Just over half of the additional 30,000 U.S. troops that President Obama ordered to Afghanistan in December have arrived. The rest are due this summer.  But in conjunction with other ISAF forces, we have already begun to partner with the Afghans to undertake operations to reverse the momentum of the insurgency.  Accompanying the U.S. troop surge is a U.S. civilian staff surge to help develop the Afghan economy and build Afghan capacity to provide for the basic needs of the population: agricultural production, justice, and other public services.  We already have more than 1,000 civilian specialists in Afghanistan, with some 400 working outside of Kabul in 52 different locations around the country.  This is a key role in the “hold” and “build” phases of the counterinsurgency strategy.  We have successfully cleared a major insurgent stronghold in Marjah in Helmand Province and are now transitioning to “hold” and “build.” 
Recent media reports point out that some Taliban have infiltrated back into Marjah and committed acts of retribution against the local population.  This kind of counteroffensive by the insurgents was entirely predictable.  They are trying to convince the people that the coalition and government are not reliable security providers and that they will not stay.  Afghan and international forces need to prove to the local population that supporting the government is indeed a safe bet.  The tide will not turn until the Afghan population becomes convinced that the ISAF and Afghan forces can successfully defend them against the insurgency.  After almost nine years of inconclusive struggle, it is easy to see why many Afghans continue to sit on the fence and are reluctant to commit to the government.

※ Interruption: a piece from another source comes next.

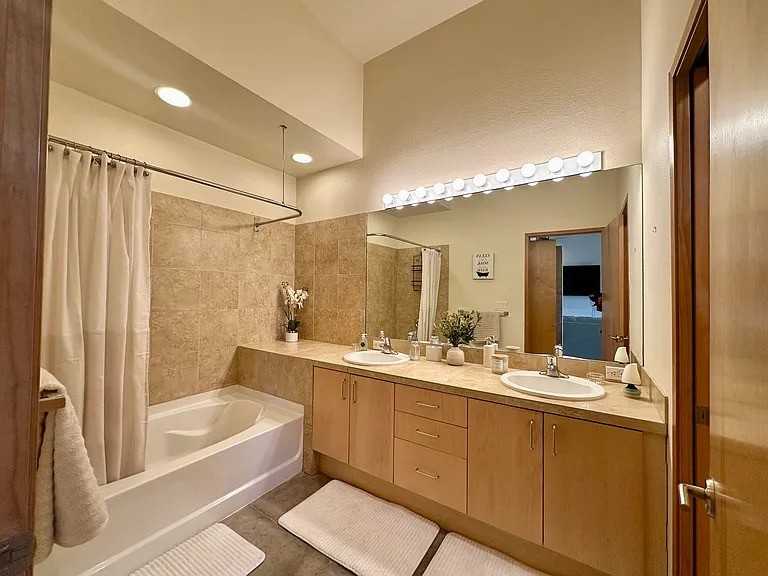 600 Circulo De Morelia #102 - Photo 5 of 15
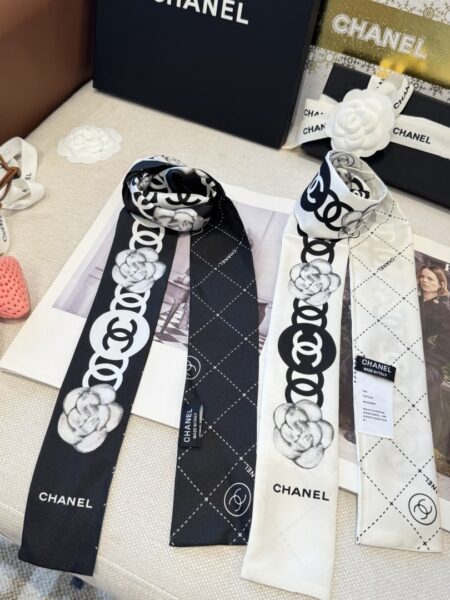 [샤넬] 까멜리아 CC 로고 헤어 밴드 스카프 (2 COLORS)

Nevertheless, we are confident that by July 2011, we will have reversed the momentum of the insurgents.  This will allow the transition of security responsibility to the Afghan security forces and a draw-down of U.S. and Allied forces.  The pace of that draw-down will – and I would like to make this very clear –  will be based on an assessment of conditions on the ground and the capacity of Afghan security forces to sustain security gains.  This will not be a wholesale withdrawal or the end of our relationship with Afghanistan.  We will not repeat the mistakes of the past.  We are committed to a long-term relationship with Afghanistan.  We believe that a stable, secure and prosperous Afghanistan is the only way to ensure that military gains are not lost and that Afghanistan does not once again become a safe haven for terrorists to plot attacks against us.  

Counterinsurgency is all about winning public support for the government, so it is important that we have a strong and reliable partner in President Karzai.  Much has been made of the recent public disagreements between the U.S. and President Karzai, but during his visit to Washington earlier this month, we have made considerable progress in reinforcing our partnership with his government.  President Karzai reaffirmed the commitments he gave during his inaugural address and at the London Conference on improving governance, fighting corruption and preparing for the handover of responsibility from the international community.  The Afghan government’s plans for carrying out these commitments will be further developed at the July 20th Kabul Conference. 

The United States welcomes President Karzai’s peace and reconciliation efforts, including the consultative peace jirga that will be held next week.  At the end of the day, ending the insurgency will require some kind of political settlement.  It will not be won in some grand, decisive military battle.  I began my remarks about the new convergence of views between partners in Afghanistan regarding a forward strategy.  That convergence includes a shared awareness of how hard the task is ahead. We are well aware that Afghanistan lives in a dangerous and difficult neighborhood.  We are well aware that we face a determined, ruthless common enemy.  We are also well aware of what true stability and security can look like in a place that has known nothing but war for three decades.  The best chance of the international community to ensure that Afghanistan's territory will no longer be a safe haven for al-Qaeda and to bring our involvement to a timely conclusion is, as Ambassador Mark Sedwill, the NATO Senior Civilian Representative in Afghanistan says, is “to invest now, invest wisely, invest in the Afghans themselves and invest for the long term.”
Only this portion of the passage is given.